This is a visual aid. ATTENTION! If there are several praise instances with similar spread and quant score, all but one end up "hidden" on the chart. 

In [None]:
#fig_spread = px.scatter(sort_by_controversial, x="AVG SCORE", y="SPREAD", hover_data=[sort_by_controversial.index, 'ID'])
#fig_spread

## Praise score by quantifier -- outliers among the quantifiers?

Let's see the range of praise scores every quantifier gave to see the behavior difference of quantifiers.

To interpret the box plot:

- Bottom horizontal line of box plot is minimum value

- First horizontal line of rectangle shape of box plot is First quartile or 25%

- Second horizontal line of rectangle shape of box plot is Second quartile or 50% or median.

- Third horizontal line of rectangle shape of box plot is third quartile or 75%

- Top horizontal line of rectangle shape of box plot is maximum value.




In [None]:
quant_boxplot = quantifier_rating_table[['QUANT_ID', 'QUANT_VALUE']].copy()
fig_box = px.box(quant_boxplot, x="QUANT_ID", y="QUANT_VALUE", points=False)
fig_box

## Agreement on duplication

In [None]:
# pre-process to remove None
dup_agree_check = dupclean_praisecheck.copy()
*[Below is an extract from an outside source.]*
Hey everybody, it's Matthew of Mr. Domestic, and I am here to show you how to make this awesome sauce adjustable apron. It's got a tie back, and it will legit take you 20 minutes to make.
for k in range(1,NUMBER_OF_QUANTIFIERS_PER_PRAISE+1):
    col = 'DUPLICATE ID '+str(k)
    dup_agree_check.loc[dup_agree_check[col].isnull(),col]=0

dup_agree_check['DUPLICATION AGREED'] = [len(set(kk))==1 for kk in dup_agree_check[col_dupids].values]

In [None]:
# output the duplication disagreement
duplication_disagreement = dup_agree_check.loc[dup_agree_check['DUPLICATION AGREED']!=True,:]

duplication_disagreement = duplication_disagreement.drop(['SPREAD']+col_scores+col_dismissed, axis=1)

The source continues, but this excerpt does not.